If the Company receives an imputed underpayment, a determination will be made based on the relevant facts and circumstances that exist at that time to allocate such imputed underpayment to each partner based on their specific share of such imputed underpayment. Any payments that the Company ultimately makes on behalf of its current members will be reflected as a distribution, rather than tax expense, at the time that such distribution is declared.
(j)Revenue Recognition
Product Revenue: The Company’s revenues are derived from the sale of natural gas. Sales of natural gas are recognized at the point in time when the Company satisfies a performance obligation by transferring control of a product to a customer at a designated delivery point.
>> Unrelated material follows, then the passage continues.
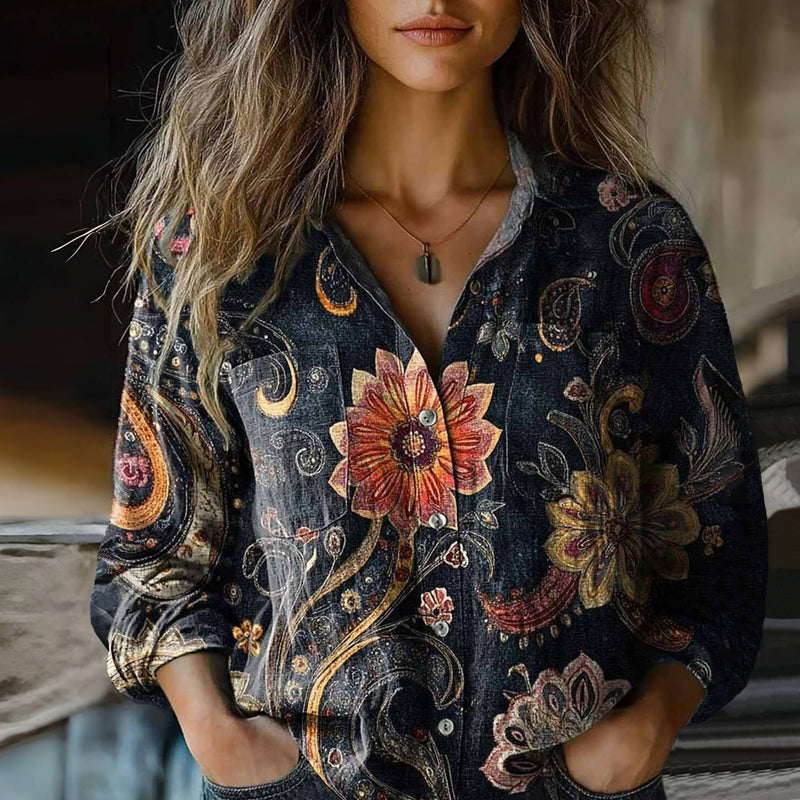 Vintage Floral Print Blouse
Payment is generally received one to three months after the sale has occurred. The amount of natural gas sales to which the Company is entitled is based on its revenue interests in the properties. The Company had no material imbalances as of December 31, 2020 and 2019. The Company reports revenues disaggregated by product on its consolidated statements of operations. The accounts receivable – natural gas balance as of December 31, 2020 and 2019 was $57.8 million and $44.6 million, respectively.
Pursuant to the Company’s natural gas sales contracts with its purchasers, the Company delivers natural gas to the purchasers at agreed upon delivery points. The Company utilizes third parties to gather, compress, treat, and transport natural gas from the wellhead to the delivery points specified in the sales contracts. These costs are recorded as gathering and transportation expenses. The Company’s sales contracts typically include consideration that is based on prices tied to local indices for volumes delivered at the delivery points. The Company transfers control of the product at the delivery points and recognizes revenue based on the contract price.
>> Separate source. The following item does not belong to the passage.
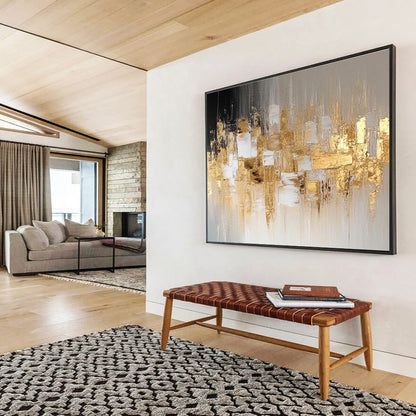 “Gold - Grey Urban Abstraction” Abstract Cityscape Painting On Canvas DKH528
Transaction Price Allocated to Remaining Performance Obligations: The Company has utilized the practical expedient allowed in Financial Accounting Standards Board (“FASB”) Accounting Standards Codification (“ASC”) Topic 606, Revenue from Contracts with Customers, for contracts that are short-term in nature. This exempts the Company from disclosure of the transaction price allocated to remaining performance obligations if the performance obligations are part of a contract that has an original expected duration of one year or less.
10

GEP HAYNESVILLE, LLC AND SUBSIDIARIES
NOTES TO CONSOLIDATED FINANCIAL STATEMENTS
As of December 31, 2020 and 2019 and for the Years Ended December 31, 2020 and 2019

For any product sales that have a contract term greater than one year, the Company has also utilized the practical expedient that states it is not required to disclose the transaction price allocated to remaining performance obligations if the variable consideration is allocated entirely to a wholly unsatisfied performance obligation. Under these product sales contracts, each unit of product generally represents a separate performance obligation; therefore, future natural gas volumes are wholly unsatisfied and disclosure of the transaction price allocated to remaining performance obligations is not required. Currently, any product sales that have a contractual term greater than one year have no long-term fixed considerations.
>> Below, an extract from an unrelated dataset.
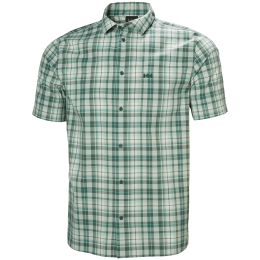 Herrenhemd Helly Hansen Fjord Qd Ss Shirt 2.0 hellgrün Green Mist Shore Plaid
Contract Balances: Under the Company’s sales contracts, once performance obligations have been satisfied, payment is unconditional. The Company does not receive payment prior to performance under its natural gas sales contracts. Accordingly, the Company’s product sales contracts do not give rise to contract assets or liabilities.
(k)Concentration of Credit Risks
Major Customers: The Company’s revenues are derived principally from uncollateralized sales to purchasers in the oil and natural gas industry. During the years ended December 31, 2020 and 2019, Ovintiv Marketing Inc. (as successor in interest to Encana Marketing (USA) Inc.) purchased approximately 94% and 88% of the Company’s natural gas production volumes, respectively. The Company reviews its natural gas purchasers for creditworthiness and general financial condition and has not experienced any significant losses on its receivables.
Joint Interest Receivables: The Company operates a substantial portion of its natural gas properties. As the operator of a property, the Company makes full payments for costs associated with the property and seeks reimbursement from the other working interest owners in the property for their share of those costs. The Company may have the ability to withhold future revenue disbursements to recover non-payment of joint interest billings on the properties it operates.
Derivative Instruments: The Company is exposed to credit risk on its derivative contracts related to potential non-performance by its counterparties. The Company has executed International Swaps and Derivatives Association Master Agreements (“ISDA Agreements”) with its counterparties for the purpose of entering into derivative contracts. The terms of the ISDA Agreements provide the Company and its counterparties with netting rights such that payables may be offset against receivables with a counterparty under separate derivative contracts.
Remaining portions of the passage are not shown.